Summer Bird Blue Akemi Dawn Bowman Review

Article contributed by Noura Khalid

Akemi Dawn Bowman wrote the most beautiful and heart-wrenching book I think I have ever read. Upon reading the synopsis, I immediately requested the book even though I hardly ever read contemporary books, but something drew me to this one.

Summer Bird Blue Akemi Dawn Bowman

While reading the most amazing story ever written, I felt so many emotions. There was sadness, anger, pain, and love and the book managed to bring all these emotions through the pages. I loved the writing style as it felt so light, but also lyrical. There were pauses in between the story so we could visit memories from the past. The story also features two sisters, and they were contrasted throughout, but the author really makes you feel as though you’re involved in their lives. Learning even the simple things about their personalities.

Readers will find themselves feeling many of Rumi’s emotions. She was often conflicted and often expressed how she felt through her anger. Her emotions were all over the place, but I felt the need to understand them. Her development throughout the book was definitely a favourite and she came to realise so many things, including those that helped her to manage her feelings, understand them, and shape her understanding of herself.
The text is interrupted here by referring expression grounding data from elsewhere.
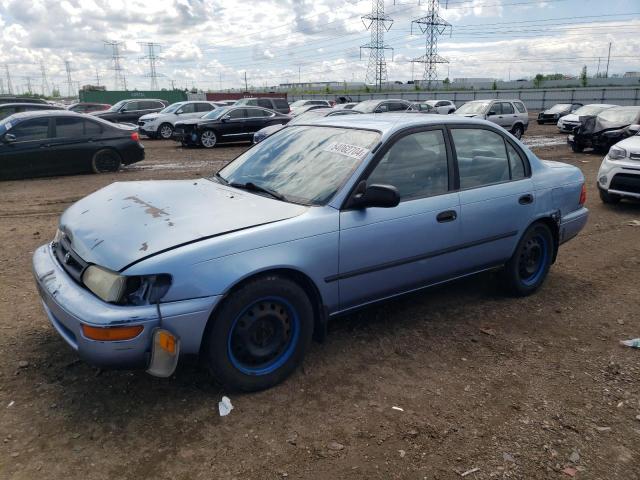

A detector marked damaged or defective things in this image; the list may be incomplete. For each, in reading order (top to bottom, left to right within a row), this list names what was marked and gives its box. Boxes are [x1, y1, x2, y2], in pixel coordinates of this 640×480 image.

wrecked car [568, 106, 640, 153]
damaged car in background [568, 106, 640, 153]
broken headlight [83, 264, 172, 306]
dented hood [60, 179, 308, 272]
wrecked car [32, 115, 588, 390]
damaged car in background [32, 114, 588, 392]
Music was such a huge part of who she was. I often felt the struggle when she couldn’t get herself to play an instrument or listen to the music and it was especially enjoyable the way she managed to take herself back to it, even if it took her a long while to figure out how to do that.
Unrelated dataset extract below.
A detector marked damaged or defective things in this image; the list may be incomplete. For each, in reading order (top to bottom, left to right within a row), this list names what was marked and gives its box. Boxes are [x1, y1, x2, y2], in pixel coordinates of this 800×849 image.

I adored all the characters in this book. Kai was such a joy to read about and he made everything so laid back. He also helped Rumi come to terms with many things, including her identity and he was always there to support and help her. I loved all the other side characters as well with Mr. Watanabe adding so much to the book and he had his own losses and I felt like him and Rumi got along in their own way. I kept looking forward to the chapters that he was in! Her aunt was also so extremely patient with Rumi and she never left her side even with things got harsh.

This story was just the most wonderful thing ever and I loved how complex everything felt, which constantly drew me further into the story. It made me cry by the end of it and they were heavy tears might I add. I’m officially on the lookout for any book by Akemi Dawn Bowman. Would recommend this book with all my heart!
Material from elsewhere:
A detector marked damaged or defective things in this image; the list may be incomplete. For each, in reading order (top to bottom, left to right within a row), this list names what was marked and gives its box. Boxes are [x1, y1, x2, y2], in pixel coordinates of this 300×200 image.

Summer Bird Blue is available from Amazon, Book Depository, and other good book retailers.

Have you read Summer Bird Blue? Tell us in the comments below!

Synopsis | Goodreads

Rumi Seto spends a lot of time worrying she doesn’t have the answers to everything. What to eat, where to go, whom to love. But there is one thing she is absolutely sure of—she wants to spend the rest of her life writing music with her younger sister, Lea.

Then Lea dies in a car accident, and her mother sends her away to live with her aunt in Hawaii while she deals with her own grief. Now thousands of miles from home, Rumi struggles to navigate the loss of her sister, being abandoned by her mother, and the absence of music in her life. With the help of the “boys next door”—a teenage surfer named Kai, who smiles too much and doesn’t take anything seriously, and an eighty-year-old named George Watanabe, who succumbed to his own grief years ago—Rumi attempts to find her way back to her music, to write the song she and Lea never had the chance to finish.